● Task prompt: Your answer should consist only of the lines from the line containing "A bride and a groom standing among trees" through the last line below, each repeated exactly.

● Data records:
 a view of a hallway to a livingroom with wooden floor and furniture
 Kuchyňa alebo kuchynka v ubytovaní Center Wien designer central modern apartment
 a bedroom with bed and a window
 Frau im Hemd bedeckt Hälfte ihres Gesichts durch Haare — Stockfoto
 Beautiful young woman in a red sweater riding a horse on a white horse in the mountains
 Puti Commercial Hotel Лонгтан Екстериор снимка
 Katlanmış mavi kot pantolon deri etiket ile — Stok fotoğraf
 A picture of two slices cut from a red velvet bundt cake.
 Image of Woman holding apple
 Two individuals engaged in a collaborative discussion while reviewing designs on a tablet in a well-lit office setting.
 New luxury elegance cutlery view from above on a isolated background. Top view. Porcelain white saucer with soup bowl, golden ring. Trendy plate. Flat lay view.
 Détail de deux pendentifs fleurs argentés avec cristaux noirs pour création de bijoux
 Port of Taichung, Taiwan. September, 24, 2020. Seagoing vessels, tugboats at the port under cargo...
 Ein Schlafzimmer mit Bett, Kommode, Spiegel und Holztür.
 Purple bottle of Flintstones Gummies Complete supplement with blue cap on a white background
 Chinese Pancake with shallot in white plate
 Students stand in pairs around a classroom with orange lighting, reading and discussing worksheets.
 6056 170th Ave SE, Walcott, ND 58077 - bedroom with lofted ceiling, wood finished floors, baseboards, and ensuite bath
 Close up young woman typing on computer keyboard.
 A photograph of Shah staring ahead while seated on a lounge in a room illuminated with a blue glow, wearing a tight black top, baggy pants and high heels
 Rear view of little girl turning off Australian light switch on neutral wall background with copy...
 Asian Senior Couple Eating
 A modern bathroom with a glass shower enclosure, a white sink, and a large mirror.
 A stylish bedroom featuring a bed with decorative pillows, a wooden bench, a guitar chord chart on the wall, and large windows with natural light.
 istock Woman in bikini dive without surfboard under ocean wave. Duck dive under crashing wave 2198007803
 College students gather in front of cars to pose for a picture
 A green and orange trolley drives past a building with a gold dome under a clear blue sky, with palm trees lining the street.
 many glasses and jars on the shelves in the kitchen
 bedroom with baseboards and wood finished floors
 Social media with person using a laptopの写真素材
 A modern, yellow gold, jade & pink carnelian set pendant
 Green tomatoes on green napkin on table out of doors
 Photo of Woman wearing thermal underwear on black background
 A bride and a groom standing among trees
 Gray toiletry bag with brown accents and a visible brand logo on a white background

● Task output:
 A bride and a groom standing among trees
 Gray toiletry bag with brown accents and a visible brand logo on a white background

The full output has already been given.